SOURCE DATA:
-------------------------
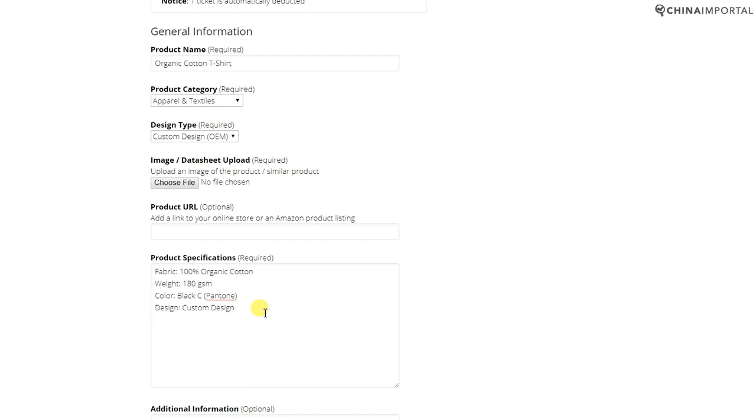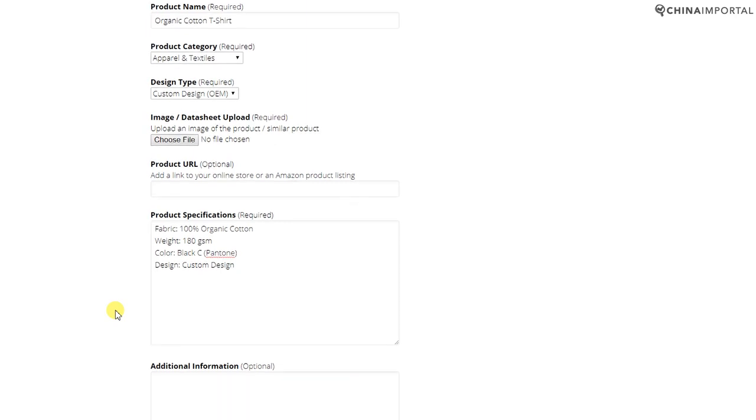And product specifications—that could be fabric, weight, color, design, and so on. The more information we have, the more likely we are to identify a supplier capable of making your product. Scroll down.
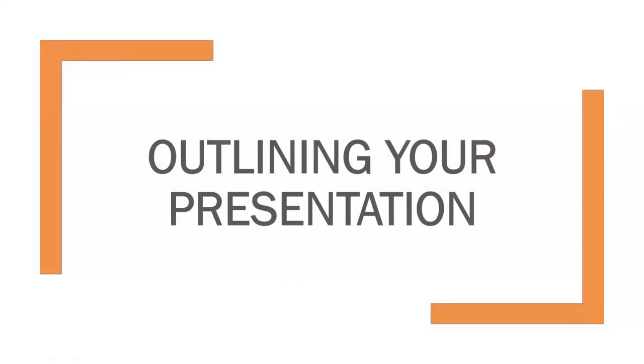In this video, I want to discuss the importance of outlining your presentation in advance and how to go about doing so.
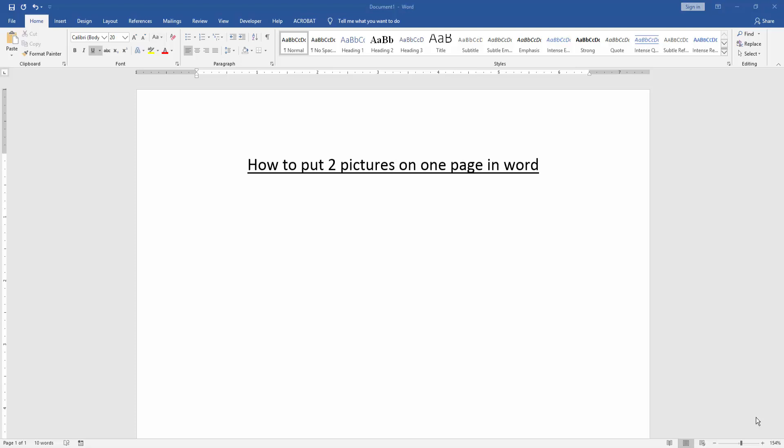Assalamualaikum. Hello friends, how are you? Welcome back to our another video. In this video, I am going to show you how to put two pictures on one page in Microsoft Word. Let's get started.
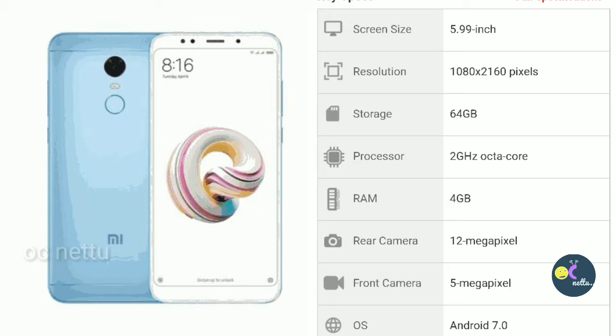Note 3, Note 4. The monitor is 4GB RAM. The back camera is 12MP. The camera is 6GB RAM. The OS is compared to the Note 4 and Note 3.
-------------------------
PROBLEM DESCRIPTION:
The copy should run from the first line of the material above through the line with "In this video, I want", repeated exactly and without pictures.

ANSWER TO THIS TASK:
And product specifications—that could be fabric, weight, color, design, and so on. The more information we have, the more likely we are to identify a supplier capable of making your product. Scroll down.
In this video, I want to discuss the importance of outlining your presentation in advance and how to go about doing so.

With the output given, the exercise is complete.